While some lawmakers claimed that the bill violates people’s rights, majority agreed with the government and enacted the Bill.
“With the enactment of the Bill, my dream has been fulfilled,” said Fr Simon Lokodo, the Ethics minister.
However, some MPs complained that the Bill’s definition of pornography was too broad and that it went against Uganda’s tradition of being tolerant of cultural diversity.
The Bill provides for the creation of the Anti-Corruption Committee that will implement the law.
Mr Steven Tashobya, the chairperson of the Legal and Parliamentary Affairs Committee whose docket administered the Bill, said pornography fuels sexual crimes against children and women, including rape and child molestation.

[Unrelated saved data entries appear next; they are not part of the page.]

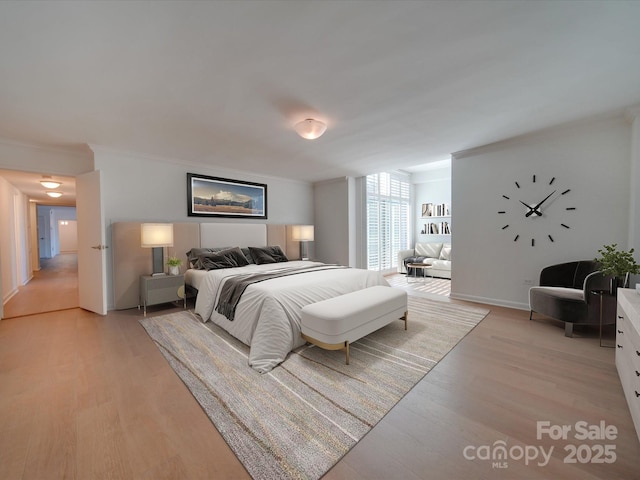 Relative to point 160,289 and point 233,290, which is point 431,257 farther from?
point 160,289

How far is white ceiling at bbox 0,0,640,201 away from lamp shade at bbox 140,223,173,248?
3.97 feet

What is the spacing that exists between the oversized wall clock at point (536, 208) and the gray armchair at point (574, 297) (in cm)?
47

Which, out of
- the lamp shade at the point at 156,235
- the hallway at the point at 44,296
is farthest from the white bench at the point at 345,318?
the hallway at the point at 44,296

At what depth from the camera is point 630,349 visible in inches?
65.9

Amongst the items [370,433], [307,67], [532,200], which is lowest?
[370,433]

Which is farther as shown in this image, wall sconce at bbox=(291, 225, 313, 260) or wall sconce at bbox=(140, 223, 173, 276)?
wall sconce at bbox=(291, 225, 313, 260)

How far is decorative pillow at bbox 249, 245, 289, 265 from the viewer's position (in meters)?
4.64

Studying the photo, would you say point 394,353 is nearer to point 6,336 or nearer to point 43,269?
point 6,336

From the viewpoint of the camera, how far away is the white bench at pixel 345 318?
7.36ft

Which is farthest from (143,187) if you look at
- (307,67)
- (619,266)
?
(619,266)

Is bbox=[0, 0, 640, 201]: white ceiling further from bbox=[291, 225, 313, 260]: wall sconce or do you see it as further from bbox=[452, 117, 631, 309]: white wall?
bbox=[291, 225, 313, 260]: wall sconce

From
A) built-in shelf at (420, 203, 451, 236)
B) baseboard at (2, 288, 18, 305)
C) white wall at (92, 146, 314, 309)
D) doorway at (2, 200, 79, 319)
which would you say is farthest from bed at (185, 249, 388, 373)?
built-in shelf at (420, 203, 451, 236)

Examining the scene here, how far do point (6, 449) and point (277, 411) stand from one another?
1.47 meters

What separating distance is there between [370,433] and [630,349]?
5.87 feet
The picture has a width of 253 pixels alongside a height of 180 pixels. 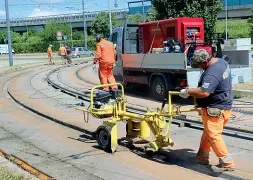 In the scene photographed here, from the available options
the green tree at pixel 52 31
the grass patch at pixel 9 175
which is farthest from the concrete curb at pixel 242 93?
the green tree at pixel 52 31

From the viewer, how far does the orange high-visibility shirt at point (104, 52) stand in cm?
1213

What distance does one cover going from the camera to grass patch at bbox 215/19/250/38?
54.8 m

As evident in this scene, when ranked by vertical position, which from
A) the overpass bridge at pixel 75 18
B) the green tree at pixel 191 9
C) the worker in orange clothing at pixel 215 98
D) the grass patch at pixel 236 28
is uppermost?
→ the overpass bridge at pixel 75 18

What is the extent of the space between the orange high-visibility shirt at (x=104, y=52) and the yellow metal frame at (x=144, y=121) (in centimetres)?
470

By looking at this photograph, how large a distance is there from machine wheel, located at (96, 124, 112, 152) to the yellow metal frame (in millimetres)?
70

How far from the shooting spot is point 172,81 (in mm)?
12789

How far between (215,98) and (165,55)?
6828 mm

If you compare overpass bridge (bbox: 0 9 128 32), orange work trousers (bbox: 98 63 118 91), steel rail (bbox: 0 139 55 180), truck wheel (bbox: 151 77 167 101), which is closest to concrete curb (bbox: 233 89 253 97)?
truck wheel (bbox: 151 77 167 101)

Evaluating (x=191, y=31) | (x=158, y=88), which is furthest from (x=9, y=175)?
(x=191, y=31)

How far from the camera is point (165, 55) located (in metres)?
12.5

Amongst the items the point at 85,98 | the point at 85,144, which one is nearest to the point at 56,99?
the point at 85,98

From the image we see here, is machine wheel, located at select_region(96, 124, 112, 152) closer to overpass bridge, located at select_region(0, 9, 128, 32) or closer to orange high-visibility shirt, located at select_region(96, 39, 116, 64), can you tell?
orange high-visibility shirt, located at select_region(96, 39, 116, 64)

The committee said that though the various laws already in existence prohibit pornography, there is no single law to comprehensively deal with the problem of pornography.
What the Bill says
The Bill defines pornography as any cultural practice, form of behaviour or form of communication or speech or information or literature or publication in whole or in part or news story or entertainment or stage play or broadcast or music or dance or art or graphic or picture or photography or video recording or leisure activity or show or exhibition.
It also prohibits any combination of the preceding that depicts unclothed or under clothed parts of the human body such as breasts, thighs, buttocks and genitalia, a person engaged in explicit sexual activities or conduct; erotic behavior intended to cause sexual excitement and any indecent act or behavior tending to corrupt morals.